Supplied information:
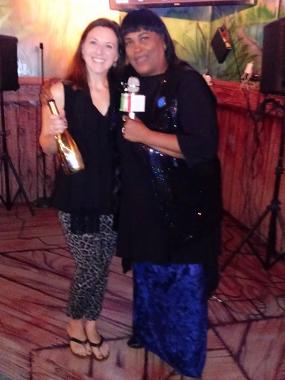 Angela McCloskey and Dr. Khalilah Camacho-Ali with Lamborghini Brand Champagne - Gold Bottle - Luxury Chamber Orlando Chapter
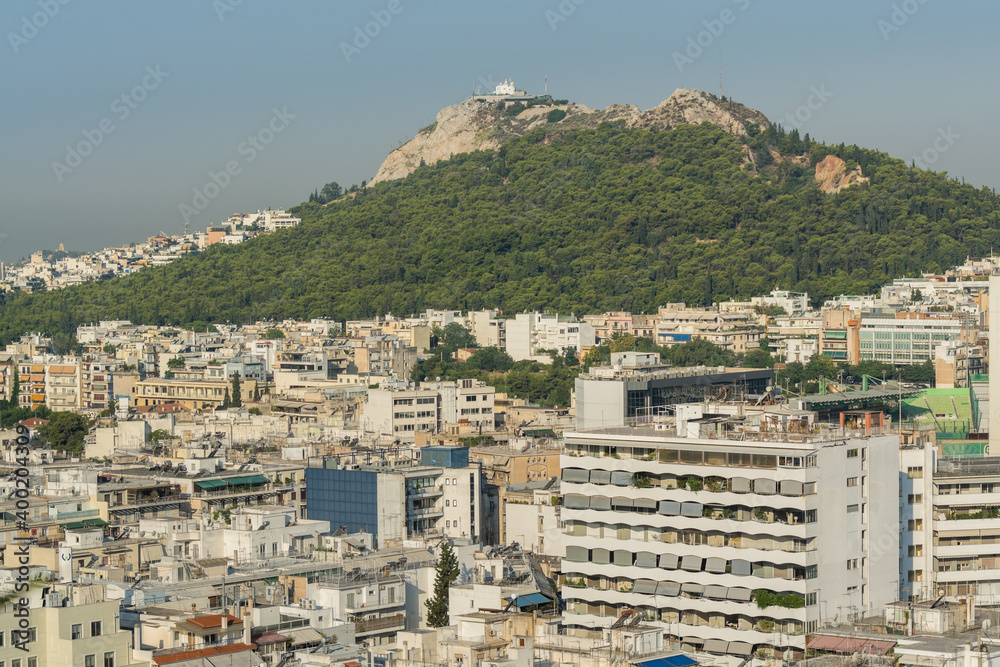 Aerial view of cityscape with crowded buildings of Athens from a top of hotel in a sunny day in Greece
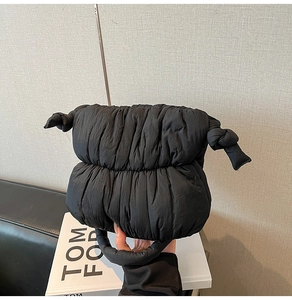 Detail of black quilted puffer bag showing soft padded texture and unique knot design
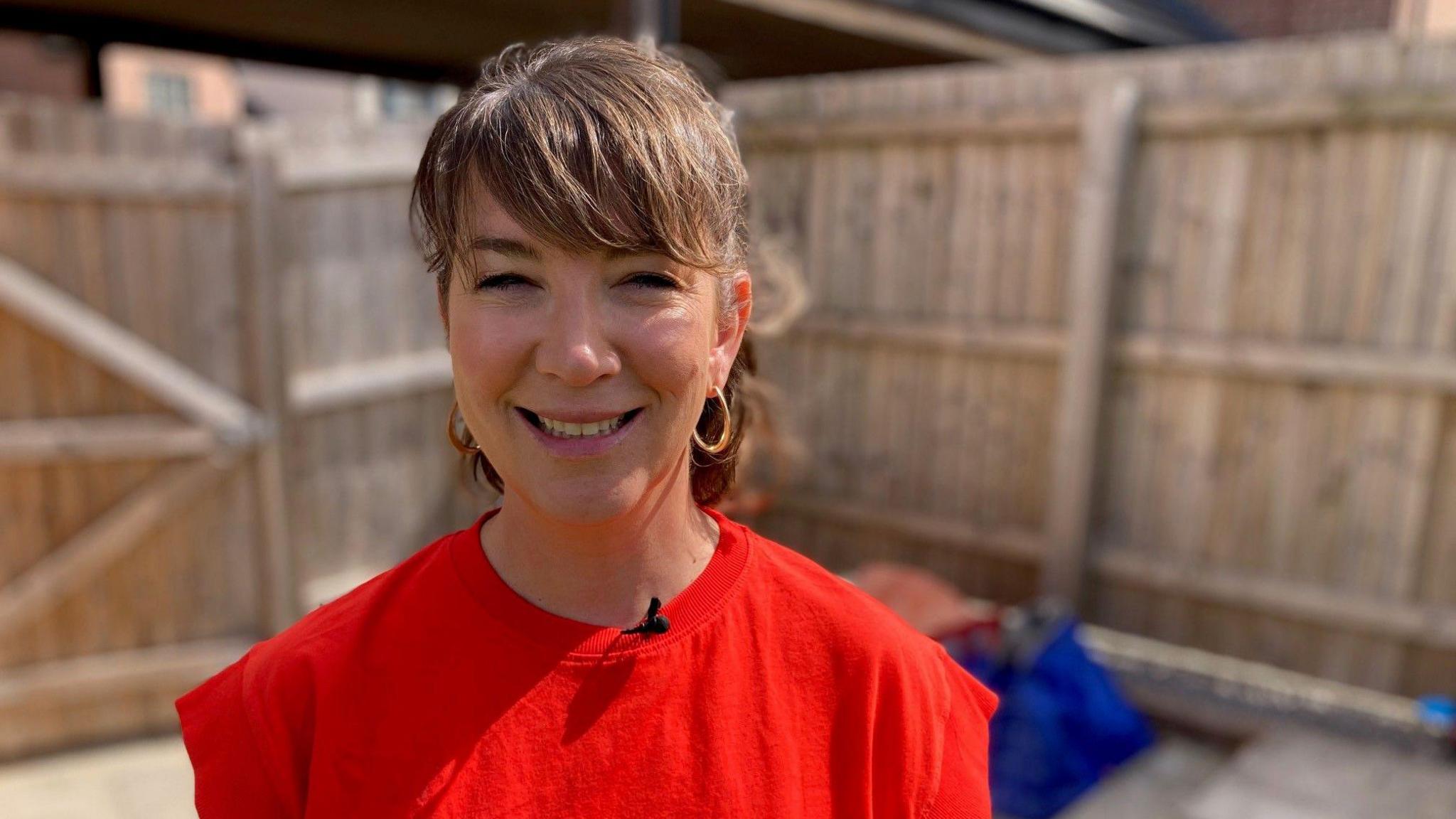 Bethan Davies o ymgyrch Cymru yn Ailgylchu.  Mae'n sefyll o flaen nifer o fagiau ailgylchu mewn gardd gefn.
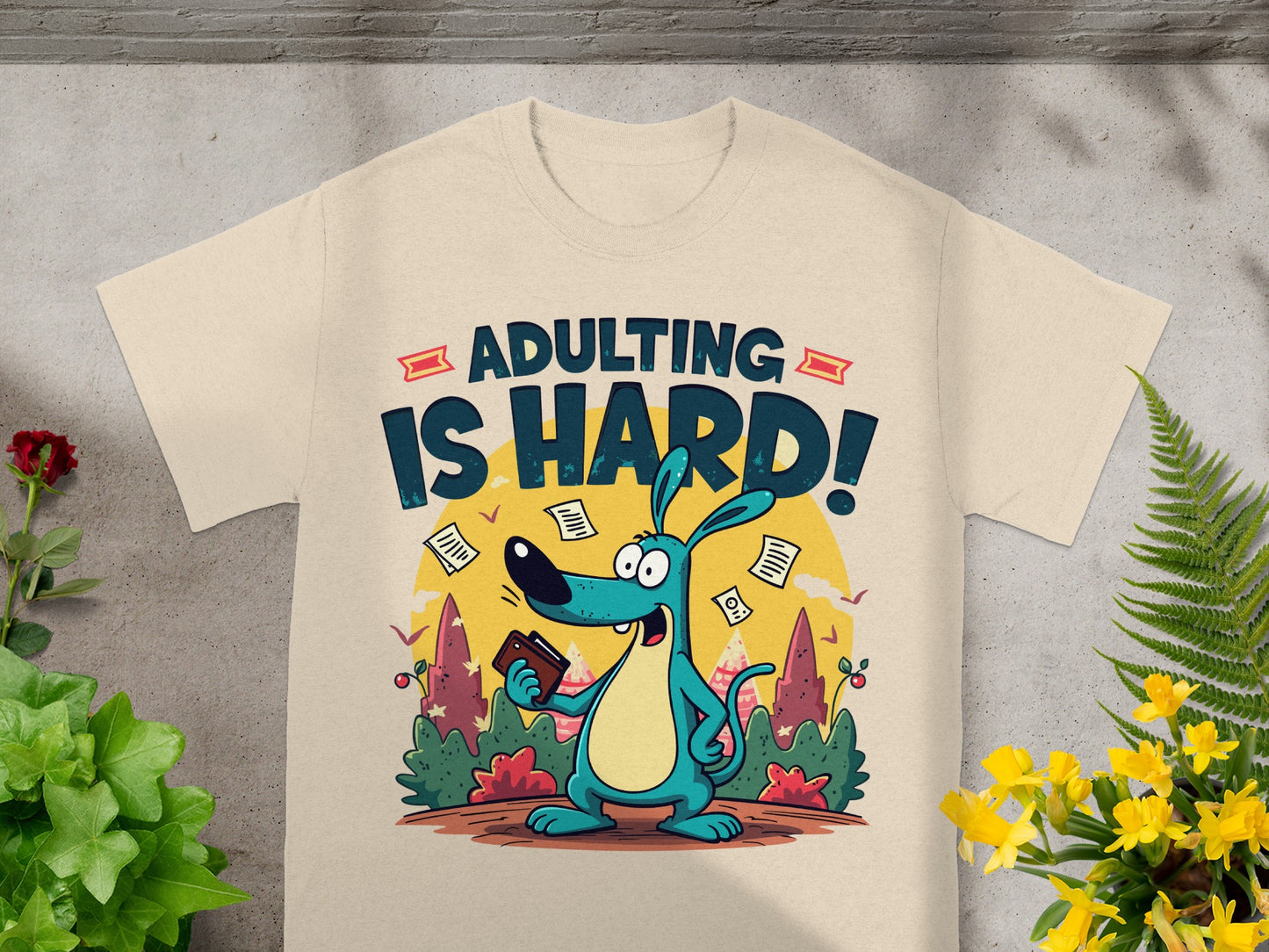 Blue cartoon dog on beige shirt with "ADULTING IS HARD!" text and falling papers.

Task instructions:
The data must be repeated exactly. Any pictures in it are to be left out.

Solved problem:
 Angela McCloskey and Dr. Khalilah Camacho-Ali with Lamborghini Brand Champagne - Gold Bottle - Luxury Chamber Orlando Chapter
 Aerial view of cityscape with crowded buildings of Athens from a top of hotel in a sunny day in Greece
 Detail of black quilted puffer bag showing soft padded texture and unique knot design
 Bethan Davies o ymgyrch Cymru yn Ailgylchu.  Mae'n sefyll o flaen nifer o fagiau ailgylchu mewn gardd gefn.
 Blue cartoon dog on beige shirt with "ADULTING IS HARD!" text and falling papers.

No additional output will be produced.